[Record set]

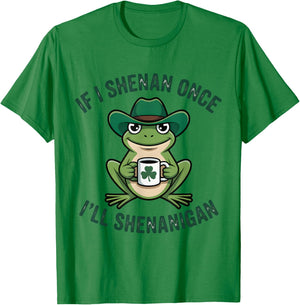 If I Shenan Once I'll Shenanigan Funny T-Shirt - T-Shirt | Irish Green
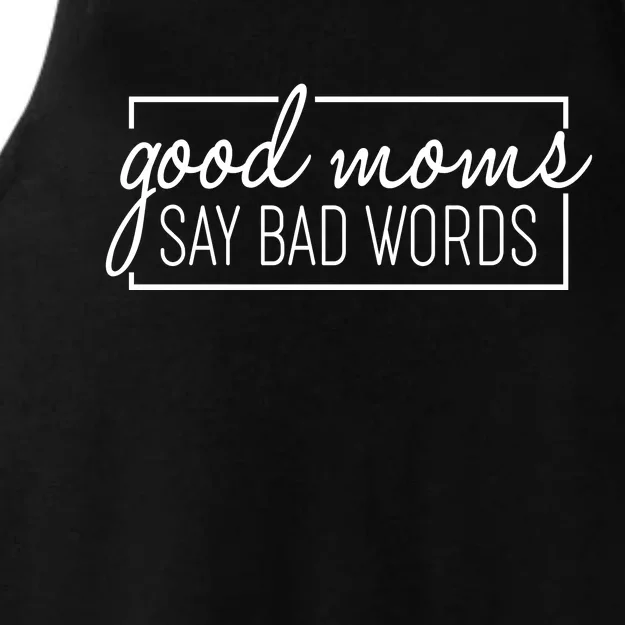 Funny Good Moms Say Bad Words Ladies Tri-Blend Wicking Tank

[/Record set]
[Record set]

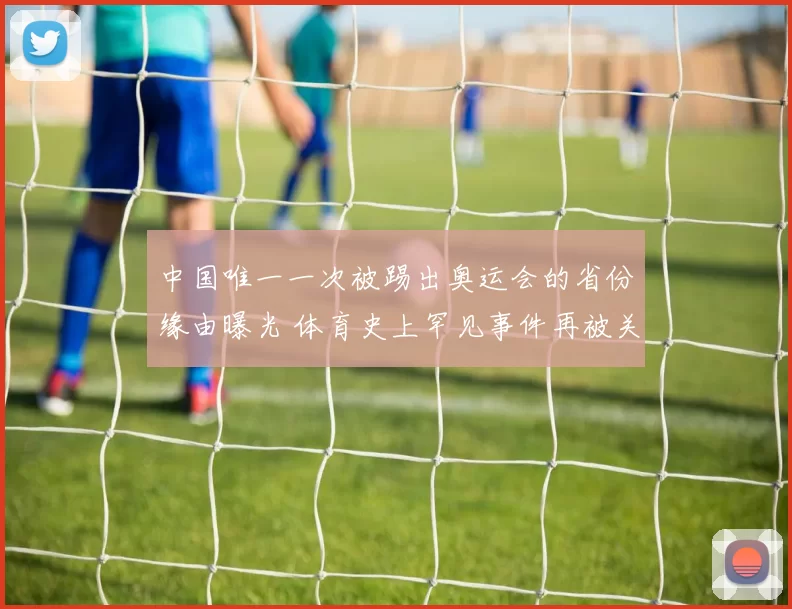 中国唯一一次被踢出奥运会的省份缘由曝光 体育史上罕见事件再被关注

[/Record set]

◆ **Work task**
Reproduce the listing above exactly from the line containing "If I Shenan" up to and including the line containing "Funny Good Moms", omitting any images and everything outside those lines.

◆ **Result for this exercise**
 If I Shenan Once I'll Shenanigan Funny T-Shirt - T-Shirt | Irish Green
 Funny Good Moms Say Bad Words Ladies Tri-Blend Wicking Tank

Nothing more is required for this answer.